=== Try it ===
Give back exactly the lines that run from the beginning of the entries to the line containing "Triangle Pose Focus", both included, and nothing else.

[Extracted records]
#####

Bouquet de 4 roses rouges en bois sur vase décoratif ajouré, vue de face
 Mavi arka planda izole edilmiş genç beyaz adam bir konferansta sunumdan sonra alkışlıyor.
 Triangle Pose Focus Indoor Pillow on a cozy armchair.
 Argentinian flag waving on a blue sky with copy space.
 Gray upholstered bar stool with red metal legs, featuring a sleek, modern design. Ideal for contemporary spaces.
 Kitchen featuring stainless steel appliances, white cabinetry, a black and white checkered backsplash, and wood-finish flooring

#####

=== Task answer ===
Bouquet de 4 roses rouges en bois sur vase décoratif ajouré, vue de face
 Mavi arka planda izole edilmiş genç beyaz adam bir konferansta sunumdan sonra alkışlıyor.
 Triangle Pose Focus Indoor Pillow on a cozy armchair.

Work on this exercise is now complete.